Quantos relacionamentos de merda todas as amigas se submeteram por carência ou pela pressão da sociedade? Mesmo na série, ainda se julgava o sucesso de uma mulher pelo fato de conseguir um relacionamento que apontasse para casamento.
Bom, em “And Just Like That”, as amigas continuam casadas e é uma pena que Samantha, a personagem MAIS legal, não esteja nessa nova série, com a sua perspectiva sempre única. Para suprir a gigante ausência dela, chegarão quatro novas personagens e as atrizes já adiantaram que os episódios vão girar em torno dos conflitos dessas sete mulheres . Com isso, serão mais longos do que os da série original.

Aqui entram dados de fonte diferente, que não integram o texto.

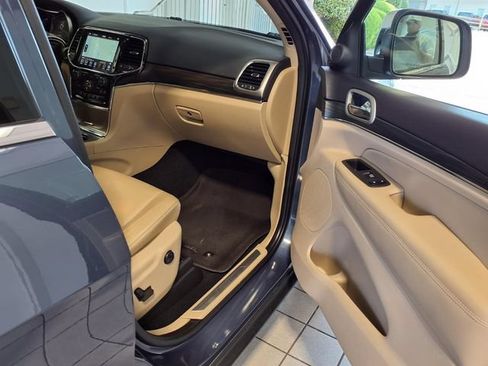 Used 2021 Jeep Grand Cherokee Limited AWD/4WD image 29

Estou curiosa para ver a nova abordagem, com todas elas acima dos 50 anos. A escolha de um novo nome pra série me leva a acreditar que não vamos mais falar sobre “o sexo e a cidade”, mas de transformação. Isso pode tirar um pouco do charme deste universo SATC? Sim. Mas pode também abrir uma nova porta para a gente refletir sobre a nossa busca pelo novo momento da vida. Isso porque a passagem do tempo para as mulheres, direta ou indiretamente, sempre foi um dos temas centrais de SATC.
Coloco minha esperança de que a nova série nos incentive a desapegar do passado. Um exercício que é difícil, à medida que vemos que não estamos ficando mais jovens. Além disso, é ainda um fato complexo de se encarar quando se é mulher. E uma série com o carisma de Carrie Bradshaw e cia pode mesmo ser muito inspiradora.